Eilish’s personality, though, is pushed to the fore, with a soft vocal style that can shift from coquettish to threatening, playfully ironic to emotionally sincere in a breath. Her close-to-the-mic singing is enhanced by layers of ethereal harmonies without swamping a sense of intimacy.

Given how up-to-the-minute it all sounds, many tracks include chord progressions and structure that wouldn’t sound out of place in a Broadway musical – albeit you would probably have older members of the audience heckling Eilish to “sing up!”

Billie Eilish
Billie Eilish
What really keeps Eilish contemporary is her lyrical sensibility, peppering tell-all tales with references to prescription drugs (Xanny) and sexual fluidity (Wish You Were Gay). All the Good Girls go to Hell dabbles in the political by positing a deity rejecting mankind, with Eilish singing the role of “God herself”: “Your cover-up is caving in / Man is such a fool, why are we saving him? / Poisoning themselves now/ Begging for our help, wow / Hills burn in California / My time to ignore ya / Don’t say I didn’t warn ya.”
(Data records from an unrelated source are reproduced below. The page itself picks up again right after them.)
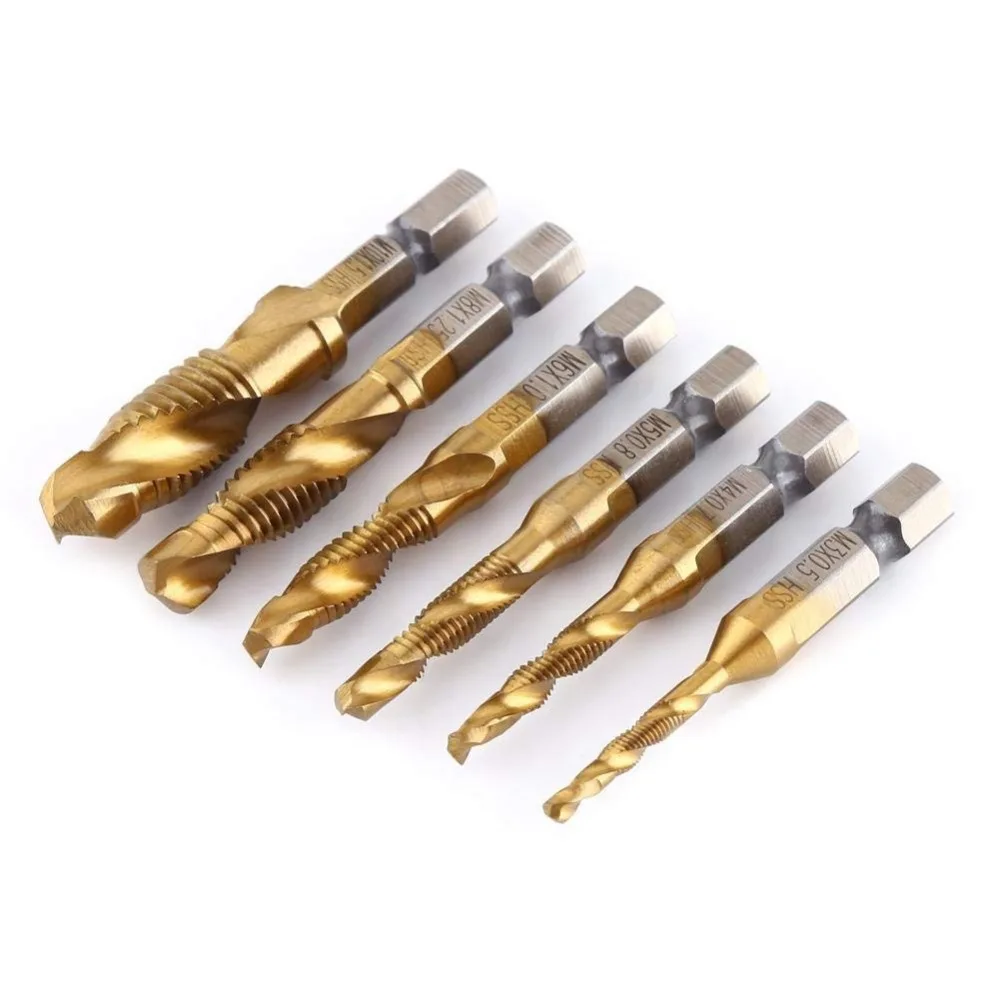 6PCS M3-M10 Screw Tap Drill Bits HSS Taps Woodworking Metric Combination Bit High Speed Steel Titanium 1/4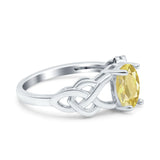 Oval Solitaire Celtic Wedding Ring Simulated Cubic Zirconia 925 Sterling Silver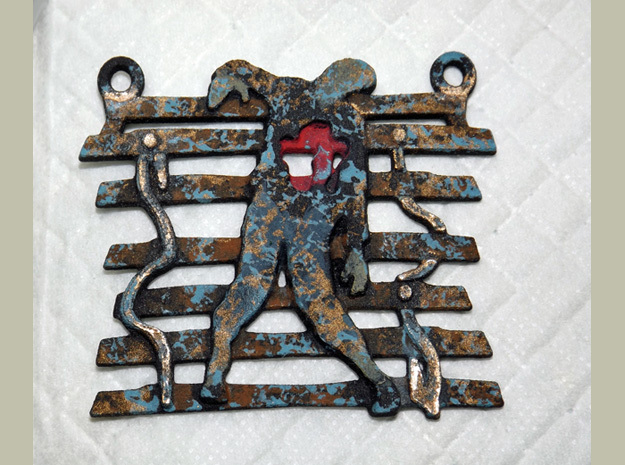 Zombie On A Fence Pendant  in Black Natural Versatile Plastic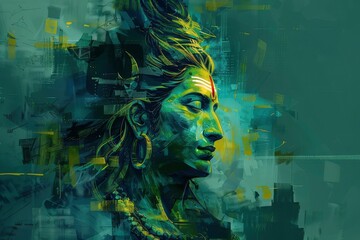 Majestic portrait of Lord Shiva, skin in ethereal blue, serpents entwined around the neck, adorned with a crescent moon on the head. The sacred river Ganges flowing from the hair,  generative ai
It is smart stuff, laced with a vein of laugh-or-you’d-cry humour. Some of the skittishness risks becoming irritating, and parents may worry about the depressive singer’s constant references to death, which go as far as embracing suicide on the tremulously touching Listen Before I Go. But even the underlying navel-gazing sadness is redeemed by Eilish’s burning sense of purpose. There is confidence in her own uniqueness; Eilish is a genuine pop stylist.